- DATASET CONTENT
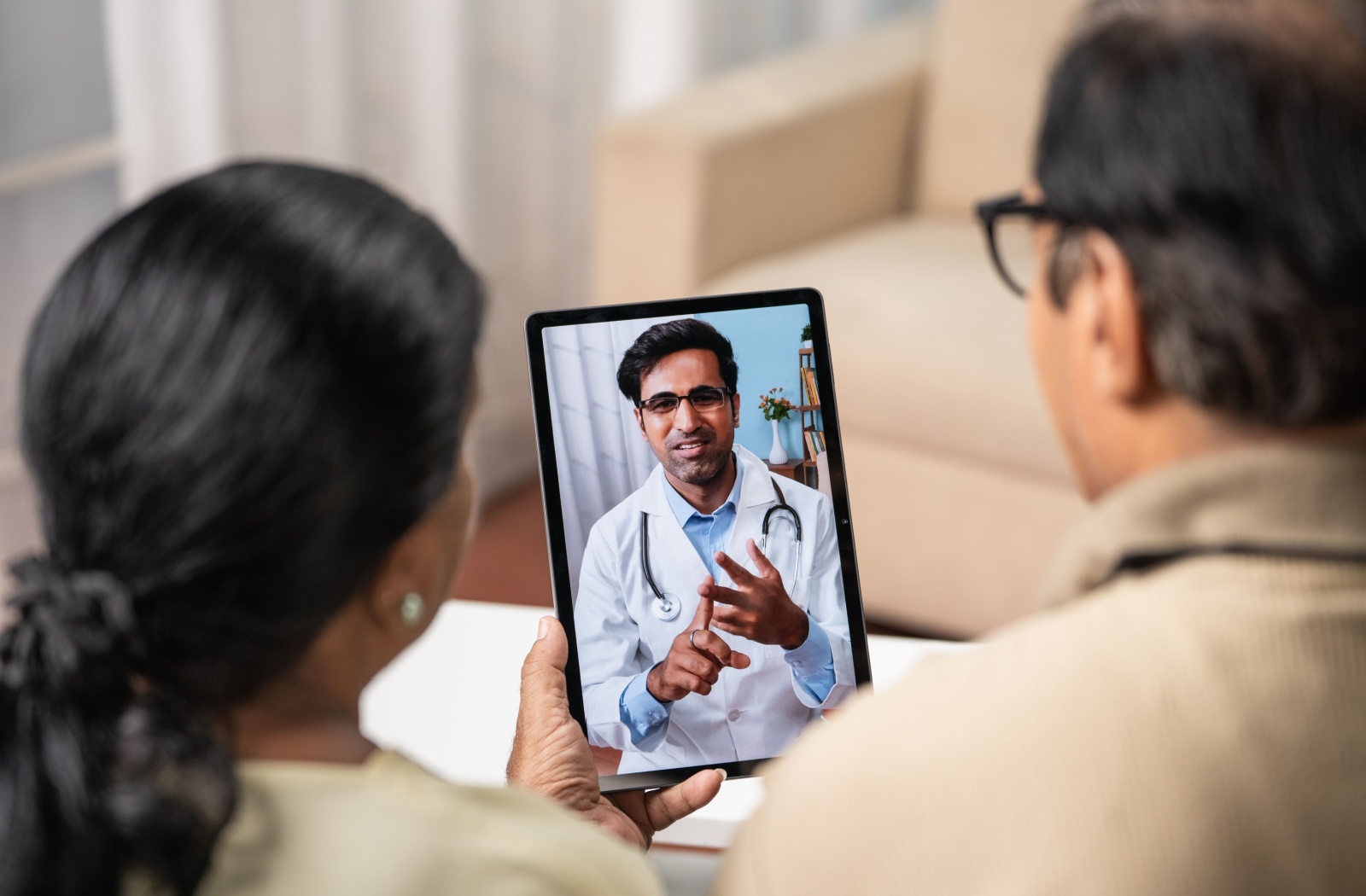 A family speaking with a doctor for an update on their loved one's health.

==

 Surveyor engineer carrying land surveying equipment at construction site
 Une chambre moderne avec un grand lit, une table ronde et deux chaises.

- EXERCISE INSTRUCTIONS
The listing above holds a line with "Surveyor engineer carrying" and a line with "Une chambre moderne". Print the stretch from the first through the second, exactly and alone.

- SOLUTION TO THIS PROBLEM
 Surveyor engineer carrying land surveying equipment at construction site
 Une chambre moderne avec un grand lit, une table ronde et deux chaises.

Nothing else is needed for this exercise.